It's not like the jumping is the worst you'll ever experience, but it's rough, unrefined, lacking in sufficient testing. "I am error," indeed. It's glaringly obvious why Nintendo binned button-controlled jumping for forthcoming Zeldas, switching to a more streamlined, context-sensitive system.

Miyamoto implemented Link's auto-jump for the third-person Ocarina of Time so as to benefit the gameplay experience. Even considering the Nintendo 64 controller, which had ten buttons to potentially assign commands to, he felt no need to dedicate one to jumping. "I gathered everyone on Monday morning and said, 'We're gonna do something called auto-jump,'" he said, in conversation with late Nintendo president Satoru Iwata. "Everyone's response was, 'Say what?' The team that had made Mario games was going to give up the jump button."

And it was for the best, for so long. Miyamoto was producer on Zelda II, not director as he was for the game before it, which could explain why it deviated stylistically so wildly, as two more greats of Nintendo's in-house development staff, Tadashi Sugiyama and Yoichi Yamada, took the reigns in that regard. (Sugiyama would go on to direct the original, inspirational Super Mario Kart, while Yamada took on pivotal roles across a number of future Zelda titles, including game design work on Breath of the Wild.) Certainly Miyamoto was disappointed with the sequel, as he recounted to Kotaku in 2013:

"I wouldn't say that I've ever made a bad game, but [one] I think we could have done more with was Zelda II. When designing games, we have our plan for what we're going to design, but in our process it evolves and grows from there. In Zelda II, unfortunately all we ended up creating was what we originally had on paper. We could have done more with how we used the side-scrolling."
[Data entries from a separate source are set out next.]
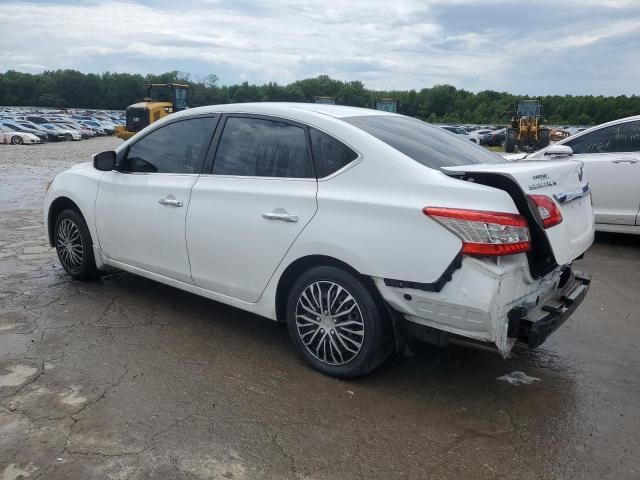 2015 Nissan Sentra S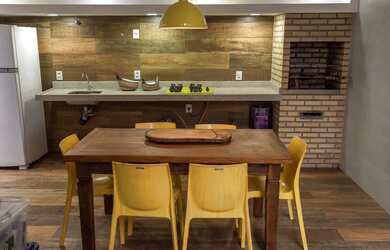 Imagem 4: Fator 2511 Casa linear - 2 quartos 1 suite - Lindo espaço gourmet - Julia...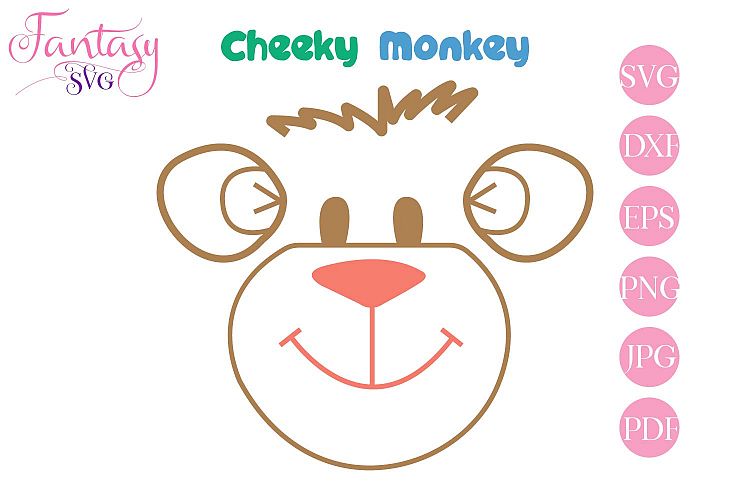 Free Free 218 Free Monkey Svg Cut File SVG PNG EPS DXF File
Yet 30 years on from The Adventure of Link, the so-called hero of time is nimbler than ever, able to scale sheer rock faces like they're staircases, stamina permitting, and jumping with a more palpable sense of weight and momentum than he did in 1987. You might take a while to click with Breath of the Wild's somewhat idiosyncratic control layout, but its world, largely (fuck you, Yiga Hideout), makes up for any occasional lapses of short-term muscle memory.
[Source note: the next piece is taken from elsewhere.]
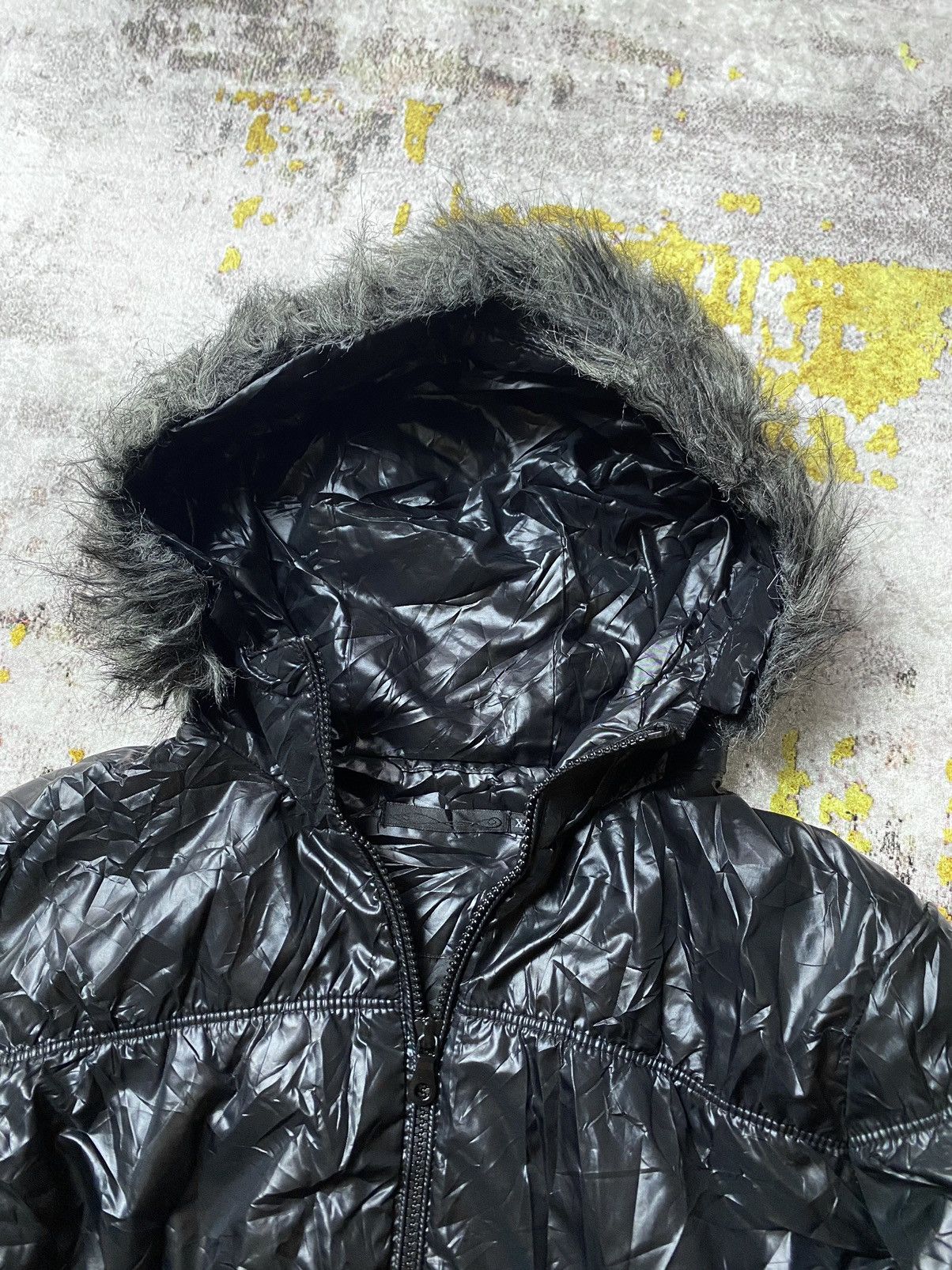 If Six Was Nine Uniqlo Puffer Fur Jacket Lgb Style Size XL / US 12-14 / IT 48-50 - 3 Thumbnail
This is fine, basically. And set against Zelda II, Link's agility in 2017 is an astounding advancement. You might argue: well, of course it is. Thirty years in video games is like eight lifetimes in regular human years. But veteran-status series have let us down before, with modern-day installments, and that includes Nintendo—it's a rare gem of a games enthusiast who can sing the praises of Star Fox Zero with a straight face. So, it's best to take nothing for granted. And, beautifully, what this Zelda is best at is taking our breath away.